Temperature dependence of antennae chlorophyll fluorescence kinetics in photosystem I reaction centre protein

Abstract

CPl, the isolated reaction centre (RC) chlorophyll(chl)-protein of plant photosystem I(PSI) containing P700 and ca. 40 antenna Chl has been isolated using sodium dodecyl sulphate and gel electrophoresis. It retained the triplet e.s.r. polarisation pattern characteristic of active charge separation and recombination. Low-temperature and time-resolved fluorescence emission spectra showed that at least tow discrete antenna chl forms were present, and excitation energy transfer between them and P700 was studied by measuring chl sub-nanosecond fluorescence decay kinetics over a range of temperatures and emission wavelengths, using ca. 100 ps Ar-ion laser excitation pulses and single-photon detection, resulting in ca. 10 ps time resolution. The two forms are F720, emitting at 720 nm (low-energy sites within the antenna) and F690, emitting at 690–695 nm. The latter form was only observed at short times ( < 200 ps) and at low temperatures.

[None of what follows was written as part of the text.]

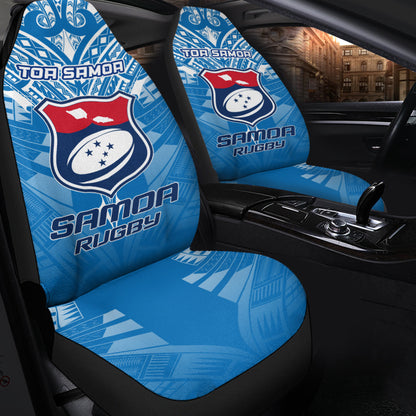 Samoa Rugby Toa Samoa Blue Style Car Seat Covers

Decay kinetics were fitted to the sum of three exponentials. The two longer ( > 1 ns) components were of small amplitude and have no significance for energy transfer. The lifetime of the shortest resolved component varied in a complex way with temperature between 30 and 150 ps, also dependent on emission wavelength. At T > 200 K the lifetime was 40 ± 10 ps, independent of wavelength, dependence with a distinct minimum at 690–695 nm. A model is presented for energy transfer between the discrete chl antenna forms which accounts for the change of the observed lifetimes with temperature. In this model F690 forms a core antenna close to the RC and can transfer energy to P700 even at 10 K. Endothermic energy transfer out of F720, which is inhibited by low temperatures, gives rise to the observed temperature dependence of the F690 and F720 fluorescence lifetimes.